Bekerja sebagai jurnalis di kantor berita Jepang pada saat Indonesia menghadapi kasus infeksi virus H5N1, atau Asian Avian Influenza yang dikenal juga dengan nama Bird Flu sekitar tahun 2006-2007 membuat saya memahami bahwa Jepang sebagai negara yang sangat kuat di bidang Ekonomi dan industri, sangat awas dengan kemungkinan transmisi infeksi human to human karena itu adalah cikal bakal dari pandemi.
Apakah karena Jepang takut? Bukan, tapi karena Jepang ingin melindungi warga negaranya dari kemungkinan infeksi.
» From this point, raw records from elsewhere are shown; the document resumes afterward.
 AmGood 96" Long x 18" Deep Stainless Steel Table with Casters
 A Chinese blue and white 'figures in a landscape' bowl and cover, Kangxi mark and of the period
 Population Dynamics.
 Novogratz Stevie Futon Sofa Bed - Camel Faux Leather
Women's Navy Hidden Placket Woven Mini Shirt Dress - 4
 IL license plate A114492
Negara matahari terbit ini, memiliki demografi yang sangat khas dimana warga lanjut usia tertinggi di dunia dan pemerintah memiliki komitmen yang tinggi untuk melindungi kaum yang rentan ini dari kemungkinan infeksi.
Atasan saya, kepala biro JIJI Press di Jakarta, Tatsuya Mizumoto, menugaskan saya untuk memantau situasi penanganan infeksi birdflu di Indonesia kala itu. Mendapatkan penugasan ini tentu saja saya jadi harus menhadiri konferensi pers tentang bird flu yang diselenggarakan di kementrian kesehatan secara reguler.
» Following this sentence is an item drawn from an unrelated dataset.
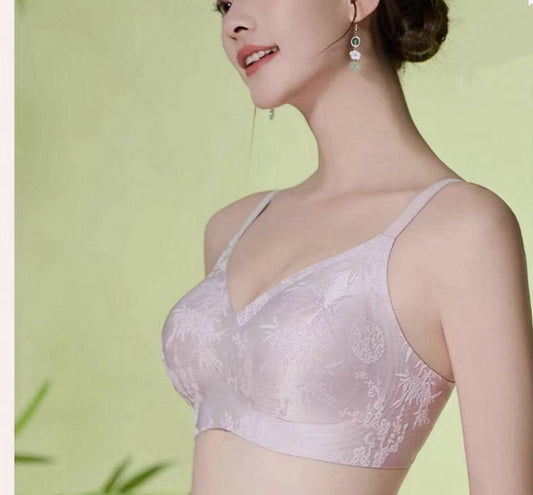 MEIZHAI Wireless Embossed Jacquard Bra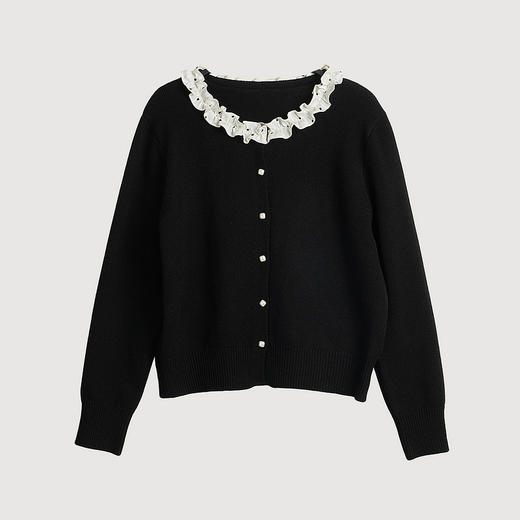 OLrain欧芮儿2025新款女秋季黑色法式荷叶边领毛织开衫精致针织衫 商品图3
Saat itu, menteri Siti Fadilah Supari turun langsung memberikan paparan kepada jurnalis, lalu disambung oleh Ketua Komisis Penanganan Bird Flu Nasional, Bayu Krisnamurthi yang secara rinci memperlihatkan dan menjelaskan sistem deteksi dan penanganan yang dilakukan oleh pemerintah pada noktah-noktah yang terkena infeksi.
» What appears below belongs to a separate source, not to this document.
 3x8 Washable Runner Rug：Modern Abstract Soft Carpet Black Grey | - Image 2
Bedanya dengan covid-19, birdflu saat itu merupakan kasus animal to human transfer, sehingga pemerintah bisa langsung memberantas biang masalah, dengan memusnahkan vektor virus yaitu unggas baik itu di peternakan maupun di pasar-pasar bahkan ingon-ingonan warga yang harganya jutaan demi mengantisipasi penyebaran virus ini, harus mau direlakan untuk dimusnahkan.
Saya ingat keganasan virus ini, adalah ketika narasumber bercerita, Ia punya 40 ayam, yang mati semua dalam satu malam akibat virus jahat ini.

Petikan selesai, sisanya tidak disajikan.